◆ Exercise material:
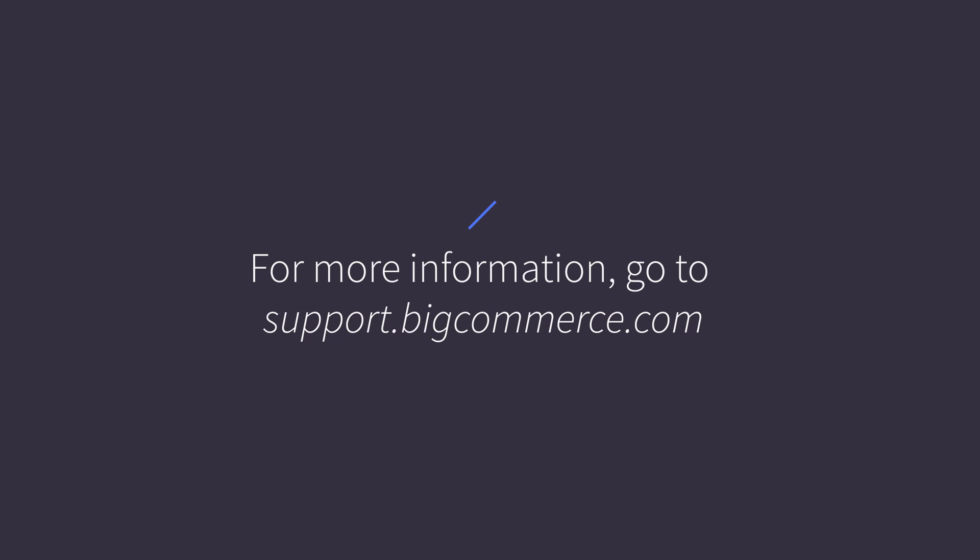For more in-depth information about product options and creating option sets, go to the support portal.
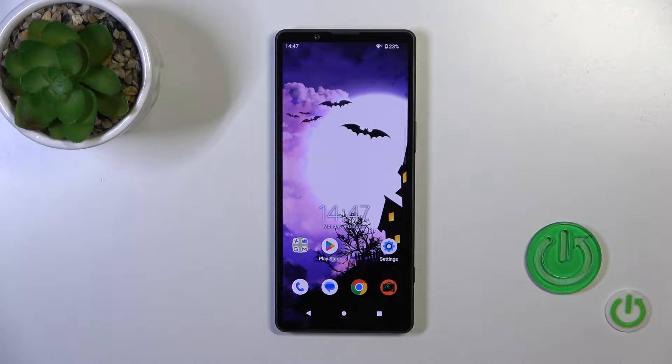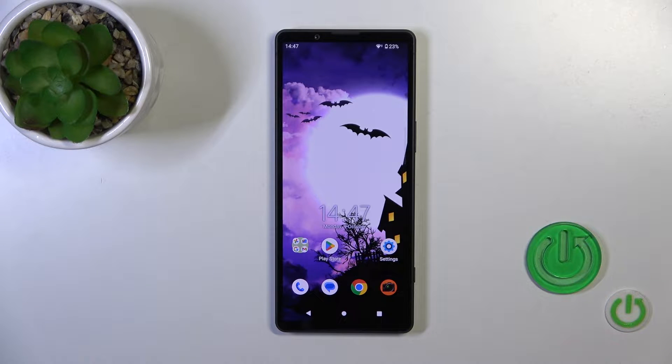Hi, this is the Xperia 5 Mark 5 and I'll show you how to enable or disable NFC on this device.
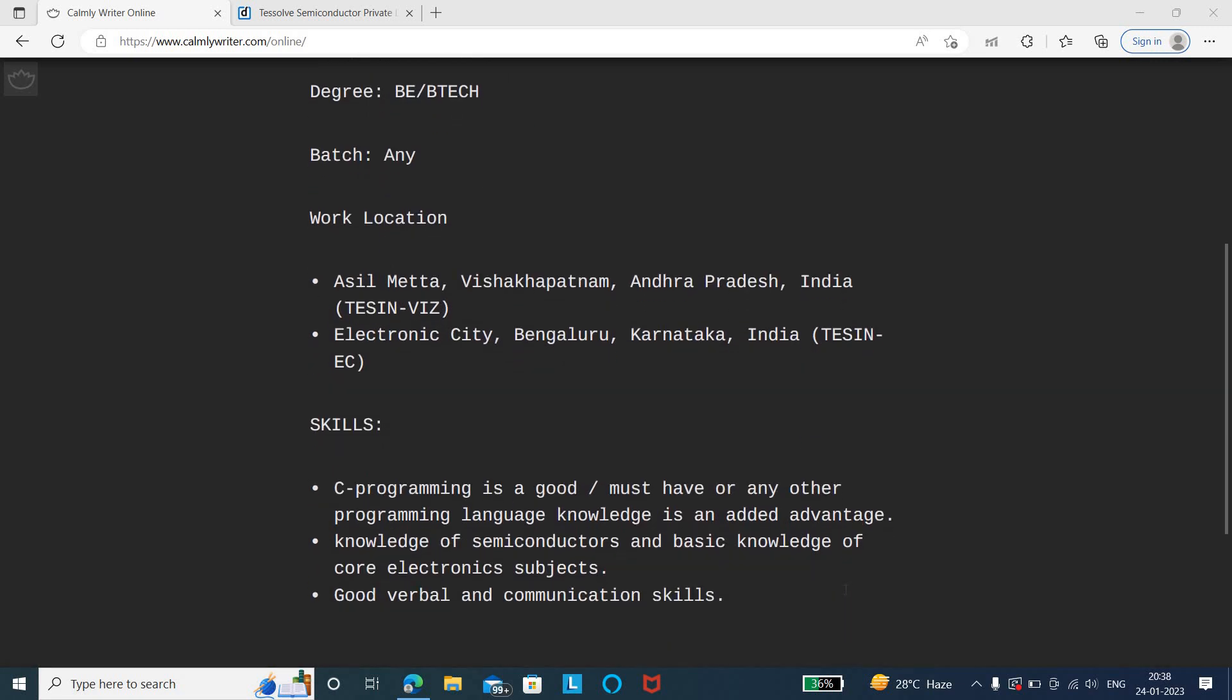You need to have knowledge related to semiconductors and basic knowledge of core electronic subjects. You need to have knowledge of C programming, and if you have knowledge of any other programming language, it's an added advantage for this particular job role.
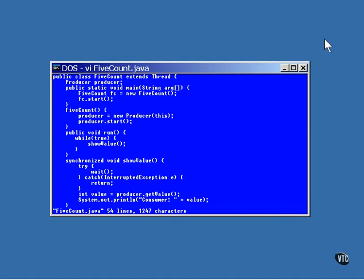The FiveCount class is the one that contains the data generated by the producer. It runs a thread, so the main method just creates the FiveCount object and starts it running in its own thread. In the constructor of the FiveCount object, a producer object is constructed. Notice that the reference to the current FiveCount object is passed to the constructor. That's because the FiveCount object itself is going to be used as the Monitor object.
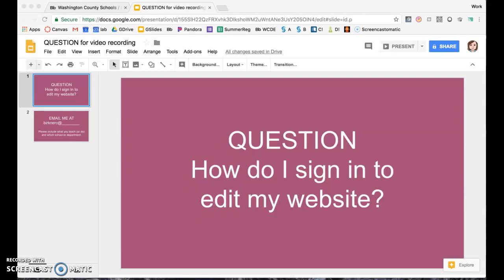Hi guys, Carol here. Today's question is: how do I sign in to edit my website? These instructions are specifically for employees of Washington County, Tennessee, but it should apply to other users of Blackboard as well.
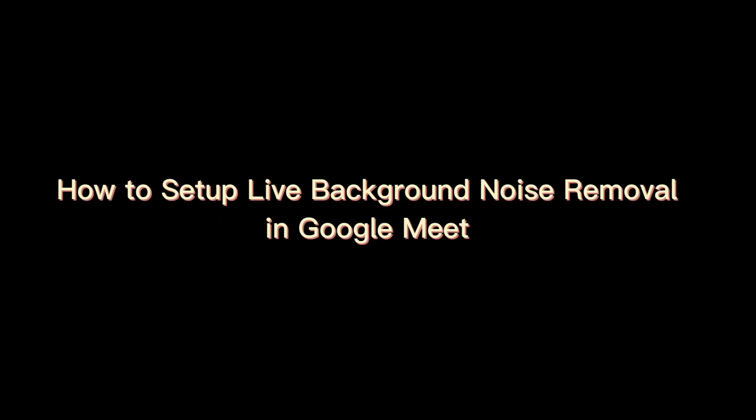In this video, I will show you how to set up live background noise removal in Google Meet.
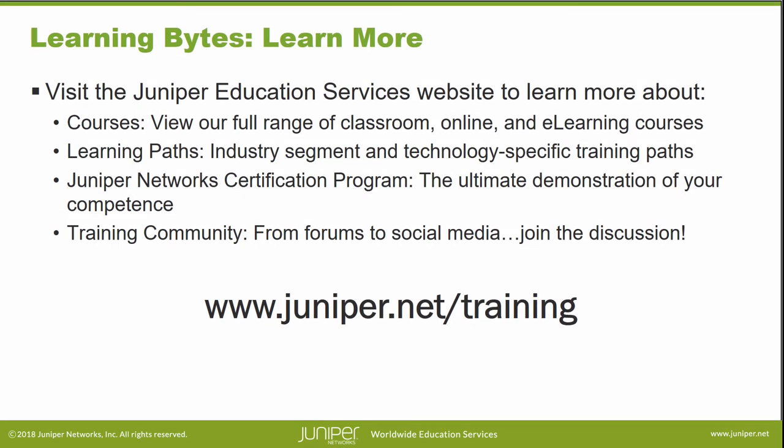Visit the Juniper Education Services website to learn more about courses. View our full range of classroom, online, and e-learning courses. Learning paths, industry segment and technology specific training paths. Juniper Networks Certification Program, the ultimate demonstration of your competence. And the training community, from forums to social media, join the discussion.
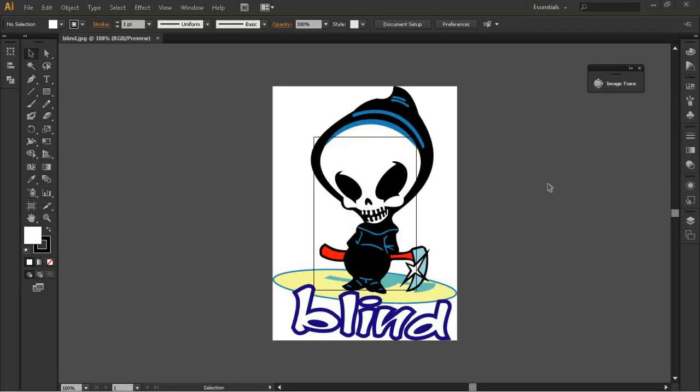What's good people, it's K2Creative here and today I've got a quick tutorial in Adobe Illustrator. I know I always say quick and it goes on for 7 minutes, but I'm just going to try and keep it under 5.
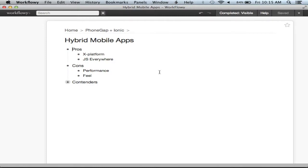All right, so hybrid mobile app development. Has anybody done PhoneGap or other sorts of hybrid apps? Does anybody not know what PhoneGap is? Maybe I'll skim through this a little bit.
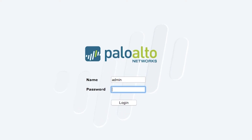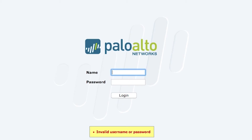Today we're going to cover a situation that happens on Palo Alto firewalls where you attempt to log in and your credentials no longer work. This relates only to the web interface, not SSH. As an administrator, you will experience this because every time you try to access the web interface, the credentials won't work.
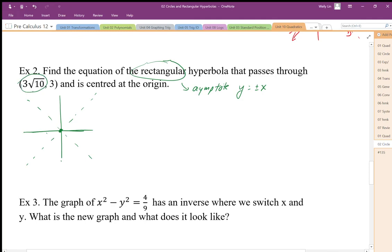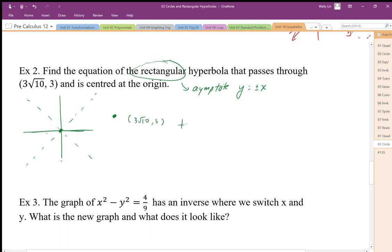Looking at this coordinate — if I estimate it, it's about 9 along x and 3 along y, which is the point 3 root 10 comma 3. A point at 9 over 3 up is definitely not going to be transverse y — it's got to be transverse x. Testing this coordinate against the asymptote, it's definitely going to be below the asymptote, which means this must be a transverse x graph.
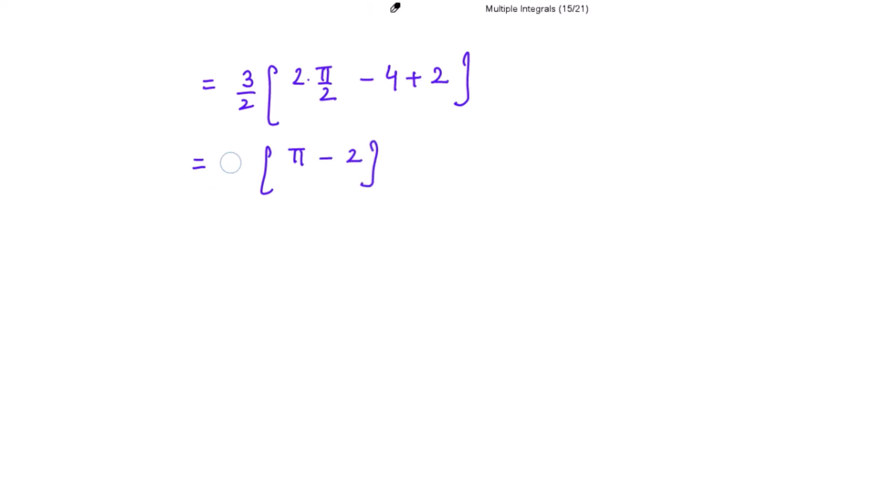This is your required answer for this exercise. Thank you so much.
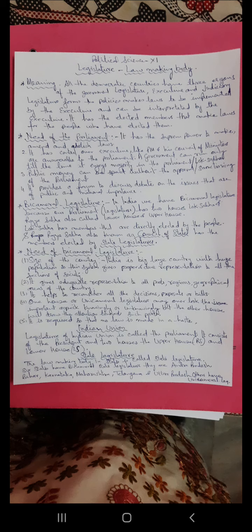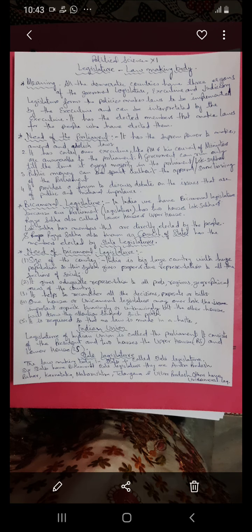Another reason for bicameral legislature is that it helps to reconsider all decisions, proposals, or bills. The second house — Rajya Sabha at the central level, or the Legislative Council at the state level — if Lok Sabha passes a bill, it has to be sent to Rajya Sabha for consideration, to check if it is correct or if some important point has been missed. If so, the bill can be sent back for reconsideration, so no important point or area is missed out. The second house helps in reconsidering the proposal or bill.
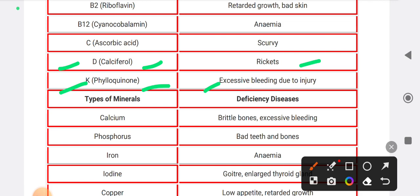Now moving to minerals and their deficiency diseases. Deficiency of Calcium causes brittle bones and excessive bleeding. Deficiency of Phosphorus causes weak bones. Deficiency of Iron causes Anemia.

◆ Work order: Transcribe the lines above exactly, beginning at the one with "The FiveCount class" and ending at the one with "Hi guys, Carol". Include both; exclude the pictures.

◆ Answer box:
The FiveCount class is the one that contains the data generated by the producer. It runs a thread, so the main method just creates the FiveCount object and starts it running in its own thread. In the constructor of the FiveCount object, a producer object is constructed. Notice that the reference to the current FiveCount object is passed to the constructor. That's because the FiveCount object itself is going to be used as the Monitor object.
Hi guys, Carol here. Today's question is: how do I sign in to edit my website? These instructions are specifically for employees of Washington County, Tennessee, but it should apply to other users of Blackboard as well.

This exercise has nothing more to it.